A l’heure où le cinéma nous propose aussi de regarder le film des frères Arash et Arman T. Riahi, Everyday Rebellion, lequel porte exactement sur ce que Sandra Laugier et Albert Ogien citent pour point de départ de leur travail, à savoir les rassemblements et occupations de places, mouvements de protestation contre les pouvoirs, insurrections civiles, mobilisations, cyberactivismes, appels à la désobéissance, il est bon de se demander comment conceptualiser ces mouvements, au-delà de la seule catégorie d’indigné, peu propice finalement à cerner quelque chose qui pourrait bien dépasser le seul cadre de l’émotion. Ne s’agit-il pas de mouvements qui célèbrent le respect de chacun et du pluralisme des points de vue, organisant finalement l’action collective en veillant à laisser à chacun sa liberté de faire entendre sa voix sans instaurer aucune hiérarchie entre elles ?
En l’occurrence, les deux auteurs n’en sont pas vraiment à leur coup d’essai. Ils ont déjà publié, chez le même éditeur, un ouvrage intitulé : Pourquoi désobéir en démocratie ? (2010). Cette autre œuvre analysait les premières manifestations des phénomènes cités ci-dessus et repris en compte dans ce nouveau livre. Mais elle étudiait la désobéissance civile à partir du prisme de la justification morale et politique. Entre les deux ouvrages, il y a, bien sûr, continuité dans la méthode. Ils examinent tous deux ces désobéissances et autres mouvements de protestation. Ils tentent l’investigation de ce qui n’est pas clairement représenté dans les médias ou dans les commentaires de presse. Ils s’étonnent surtout de la simultanéité des revendications, certes dans des conditions économiques et sociales mondialisées, face à l’aggravation du chômage, du caractère implacable des relocalisations, de l’extension de la pauvreté et de la détresse sociale.

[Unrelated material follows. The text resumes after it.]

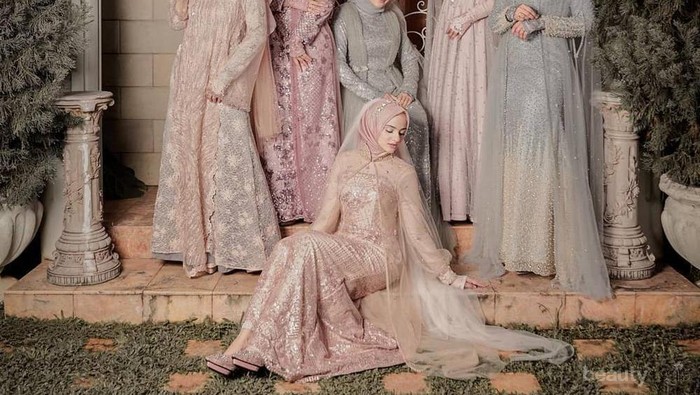 6 Gaun Pernikahan Rancangan Desainer Qonita Gholib Buatmu Bak Putri Kerajaan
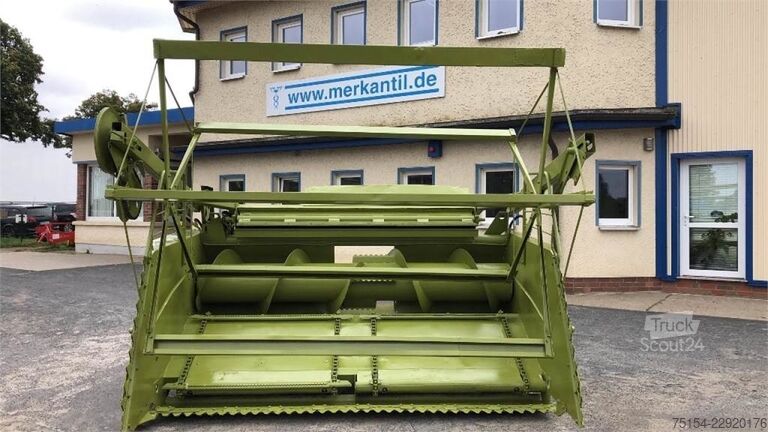 Picadora de forraje Fortschritt E 281+Maisschneidwerk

Pour autant que la méthode s’y prolonge, cet autre volume n’a pas le même objectif. Il entend plutôt analyser les résonances des mouvements les uns par rapport aux autres, afin de déceler les formes nouvelles que prend l’activité politique, et de déterminer l’avenir ainsi ouvert à la politique. Aussi focalise-t-il son attention sur le respect du pluralisme dans ces mouvements, la liberté d’expression personnelle, le rejet de la hiérarchie, l’exigence absolue de l’égalité, le refus de la logique oligarchique des partis, la propriété sociale de l’information. Il semble clair, en effet, que les mouvements en question ne procèdent pas des mêmes formes que celles auxquelles les politiques (les partis) et les chercheurs (le lien à l’Etat) sont habitués. Ils inventent leur forme pas à pas, dans le cours des actions collectives, les citoyennes et les citoyens s’y engagent en s’attachant à tisser temporairement un ordre de relations sociales qui suit et renouvelle les principes qui, d’après les auteurs, sont au fondement de l’idée même de démocratie (encore faudra-t-il revenir sur la conception que s’en font les auteurs).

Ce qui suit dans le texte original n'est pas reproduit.